Without naming anyone, Obama said in a statement on Monday: "We should soundly reject language coming out of the mouths of any of our leaders that feeds a climate of fear and hatred or normalises racist sentiments; leaders who demonise those who don't look like us, or suggest that other people, including immigrants, threaten our way of life, or refer to other people as sub-human, or imply that America belongs to just one certain type of people," the BBC reported.
"It has no place in our politics and our public life. And it's time for the overwhelming majority of Americans of goodwill, of every race and faith and political party, to say as much - clearly and unequivocally."
Obama's comments came after President Donald Trump sought to deflect criticism that his anti-immigrant rhetoric had fuelled violence.
In a statement from the White House also on Monday, Trump called for mental health gun control reforms; the death penalty for those who commit mass murder and more bi-partisan co-operation over gun laws.
"In one voice, our nation must condemn racism, bigotry and white supremacy," Trump said, adding "these sinister ideologies must be defeated. Hate has no place in America".

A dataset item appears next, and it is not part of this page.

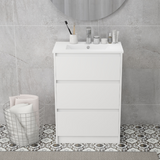 kleankin 600mm Bathroom Vanity Unit with Basin & 2 Drawers – Compact Cloakroom Storage, Gloss White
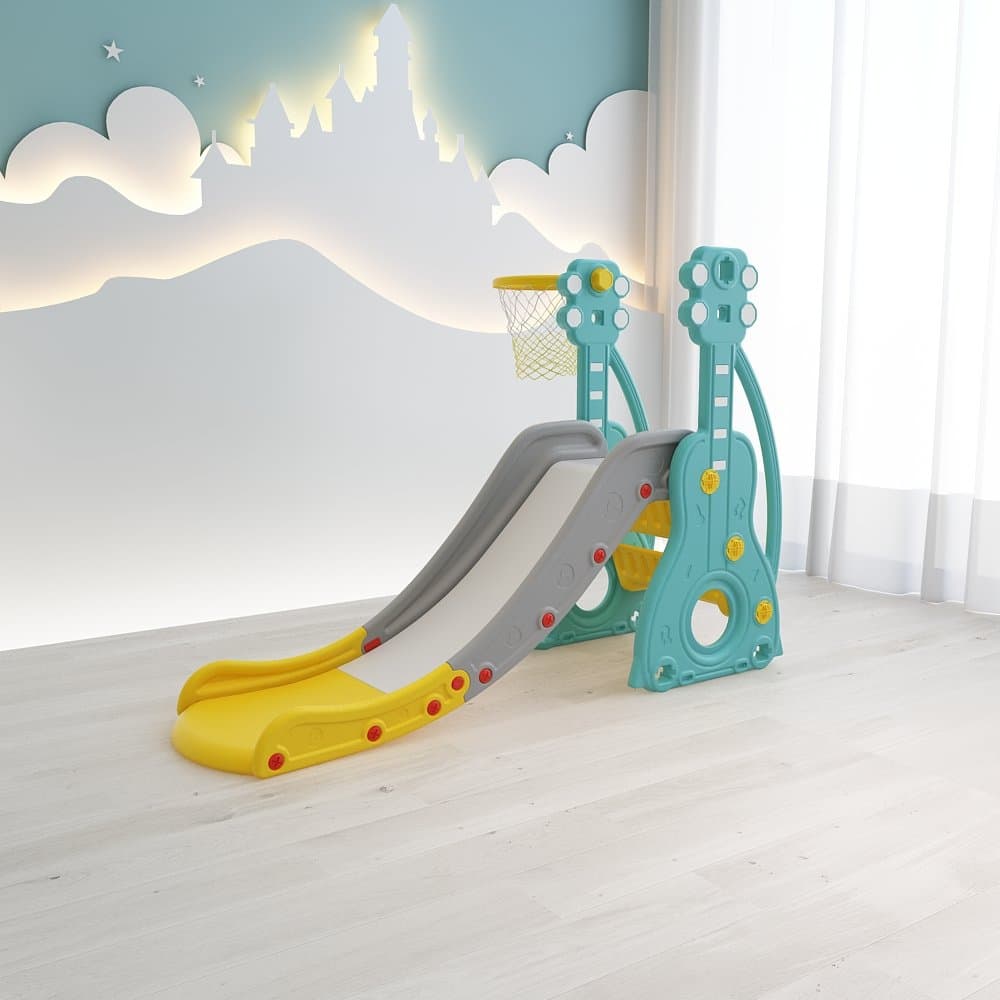 Tobogan Nichiduta Garden Musical 2 in 1 cu cos de baschet cu structura solida, margini rotunjite, trepte late si manere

The leaders' statements came after 31 people were killed in two mass shootings that took place over the weekend in El Paso, Texas and Dayton, Ohio, the BBC reported.
The El Paso shooter, Patrick Crusius, has been arrested. He is believed to be the author of a document posted online before the shooting which said the attack at the Walmart on Saturday was "a response to the Hispanic invasion of Texas".
Trump is scheduled to visit El Paso on Wednesday.
In the early hours of Sunday, 24-year-old Connor Betts killed his sister and eight others in outside a nightclub in Dayton.
Betts was shot dead by police. Officials have not yet suggested a motive for the attack and police said on Monday it was unclear whether he had intended to kill his sister.